Professor and Dean
College of Fine, Performing and Communication Arts, Wayne State University and Consultant for the World Health Organization (WHO) and Centers for Disease Control and Prevention (CDC)
Matthew W. Seeger, (Ph.D., 1982, Indiana University) has been a faculty member and administrator at Wayne State University in Detroit, Michigan for over 30 years. He currently serves as dean.
Dean Seeger’s research interests concern crisis and risk communication, health promotion and communication, crisis response and agency coordination, the role of media, including new media, in crisis, crisis and communication ethics, failure of complex systems and post-crisis renewal.
He has worked closely with the United States Centers for Disease Control and Prevention on communication and the anthrax attack and on communication and pandemic influenza preparedness. Work with the CDC also includes assistance in developing the Crisis and Emergency Risk Communication (CERC) framework. He has also worked with the World Health Organization on developing risk communication guidance.
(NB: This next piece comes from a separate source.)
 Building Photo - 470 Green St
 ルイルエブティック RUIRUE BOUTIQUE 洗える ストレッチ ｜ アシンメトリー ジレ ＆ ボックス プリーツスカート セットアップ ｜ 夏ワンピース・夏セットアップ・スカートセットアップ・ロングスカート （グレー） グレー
His work on crisis, risk and communication has appeared in the Handbook of Crisis and Risk Communication, International Encyclopedia of Communication, Journal of Health Communication Research, Health Promotion Practice, Communication Monographs, International Journal of Crisis and Contingency Management, Communication Yearbook, the Handbook of Public Relations, Handbook of Applied Communication Research, Communication Monographs, Public Relations Review, Communication Studies, the Southern Communication Journal, Journal of Business Ethics, Journal of Business Communication, Management Communication Quarterly, the Journal of Applied Communication Research and the Journal of Organizational Change Management, among several others. Seeger is the author or co-author of eight books on crisis and risk communication, including Communication and Organizational Crisis (2003), Crisis Communication and the Public Health (2008), Effective Risk Communication (2009) and Theorizing Crisis Communication (2013). He is the co-editor of the International Handbook of Crisis Communication. He has advised over 35 doctoral dissertations in the areas of risk and crisis communication.
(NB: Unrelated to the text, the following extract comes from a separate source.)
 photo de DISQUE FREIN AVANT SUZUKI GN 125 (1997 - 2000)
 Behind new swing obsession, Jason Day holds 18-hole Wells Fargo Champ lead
Crisis Narratives: Stories of Ruin and Renewal
Humans are by nature story-tellers and stories of crises and disasters are fundamental to the process of understanding and making sense of these events, determining what happened and should be done, and passing on the lessons learned. Crises and disasters create high levels of uncertainty, confusion, and emotional turmoil. Disruption of spaces, networks, sources or information, routines, security and relationships can result in a fundamental loss of meaning.
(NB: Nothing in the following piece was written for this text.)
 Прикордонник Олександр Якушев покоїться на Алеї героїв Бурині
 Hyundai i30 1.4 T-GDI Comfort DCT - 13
Narrative, telling – sharing – remembering stories, is a fundamental process of human sensemaking that is essential to recreating meaning. Several kinds of crisis narratives can be identified, including accounts, hero and victim stories, blame narratives, and renewal narratives. These stories are presented and passed on as a kind of learning and memorializing and there is convergence and divergence as different groups seek to have their stories accepted.
Convergence of stories about a crisis helps determine the culturally accepted meaning and ultimately influence what actions are taken in response.